Já no caso de assistentes virtuais por voz, o cenário muda completamente: 67% utilizam vozes femininas por padrão, 0% usam voz masculina e 33% são neutros. Isso levanta o importante debate sobre a questão do gênero no âmbito da tecnologia. Por que a voz feminina é por padrão destinatária dos comandos dados aos assistentes de voz?
Uma forma de lidar com a questão é justamente enfrentar o antropomorfismo. Afinal, por que é necessário fazer com que a máquina pareça humana? Não seria essa simulação enganosa? Não seria melhor a máquina assumir-se como tal, sem querer ser um simulacro cada vez mais indistinto de uma pessoa?
Um dos efeitos preocupantes do antropomorfismo é justamente a quantidade de robôs que buscam se passar por cidadãos comuns na internet, expressando opiniões políticas, por exemplo.

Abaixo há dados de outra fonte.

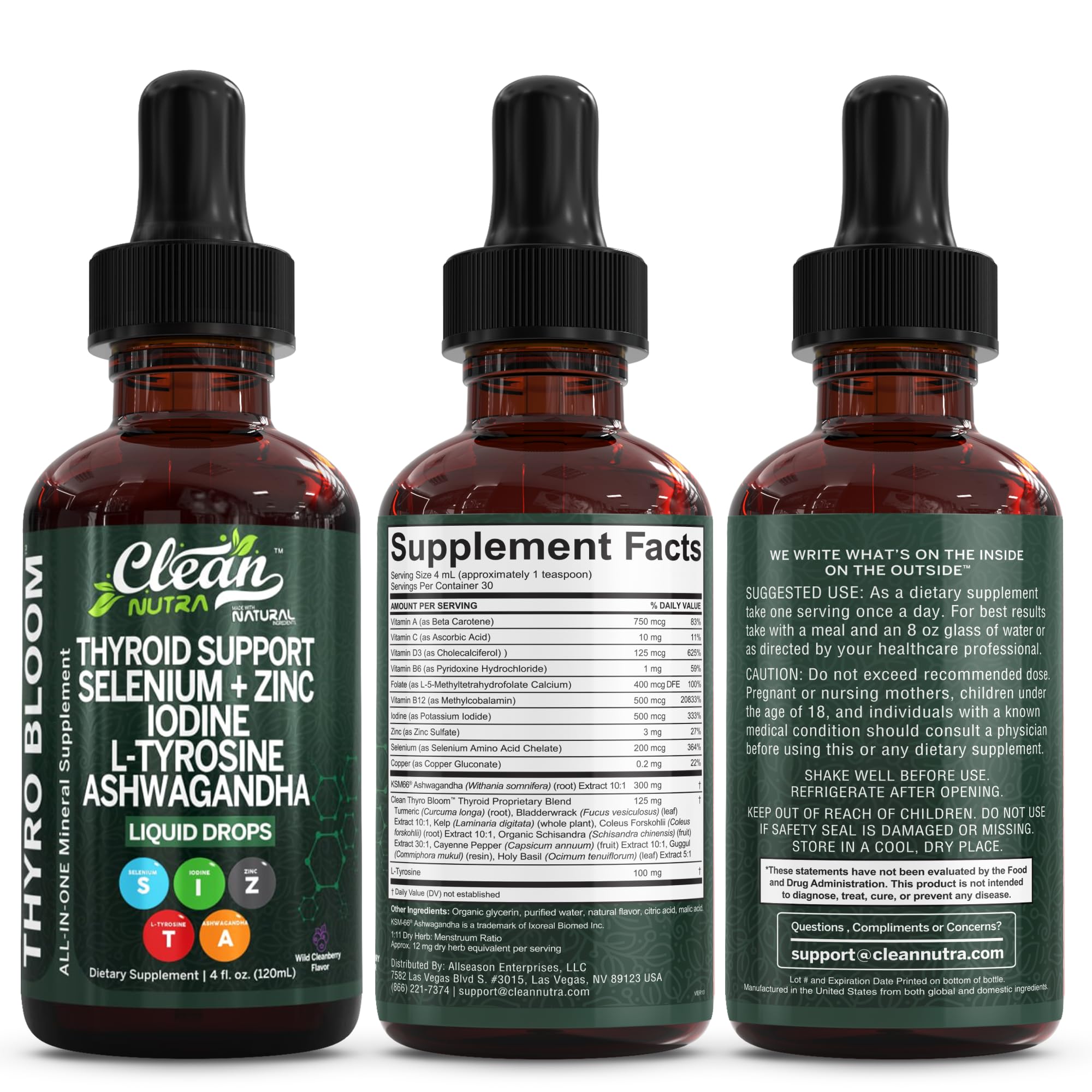 ThyroBloom Thyroid Support for Women Liquid Drops Iodine L-Tyrosine Selenium Copper Ashwagandha Zinc Kelp Bladderwrack Schisandra Guggul Turmeric Vitamin A D3 B12 Folate Supplement by Clean Nutra 4oz — Amazon image 5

Ou, ainda, quais os desafios de um produto como o Aristotle, que seria o primeiro assistente virtual de voz para bebês, antes de ser cancelado pela Mattel por preocupações sobre privacidade? Ele reconhece automaticamente quando o bebê acorda ou chora e embala o nenê com músicas. Na medida em que o bebê cresce, reconhece as perguntas da criança, conta histórias, ensina letras e números e faz jogos de adivinhação.
Por fim, o aparelho possui uma função opcional, que, se acionada, exige que a criança diga "por favor" todas as vezes em que der um comando para o aparelho.

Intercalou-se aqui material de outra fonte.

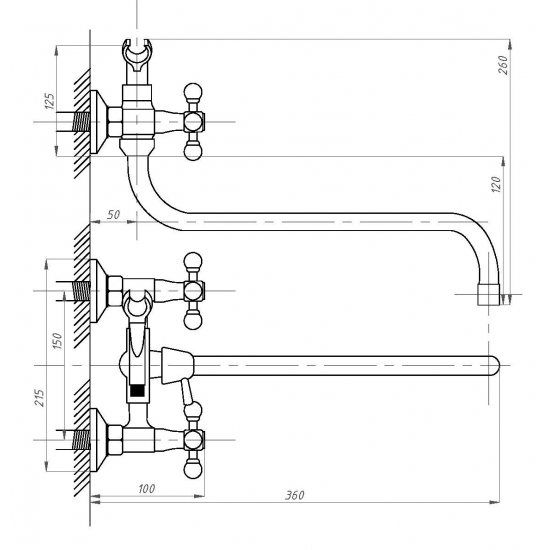 Смеситель для ванны ПРОФСАН Стандарт-А ПСМ-165-К89 хром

Da mesma forma como muitos pais hoje distraem seus filhos com celulares e tablets, já está entre nós a primeira geração que vai ser criada —ao menos em parte— por inteligências artificiais que se expressam por voz.
A famosa frase de Marshall McLuhan de que o meio é a mensagem é mais atual do que nunca. As ferramentas que criamos para atuar sobre o mundo acabam sempre transformando a nós mesmos.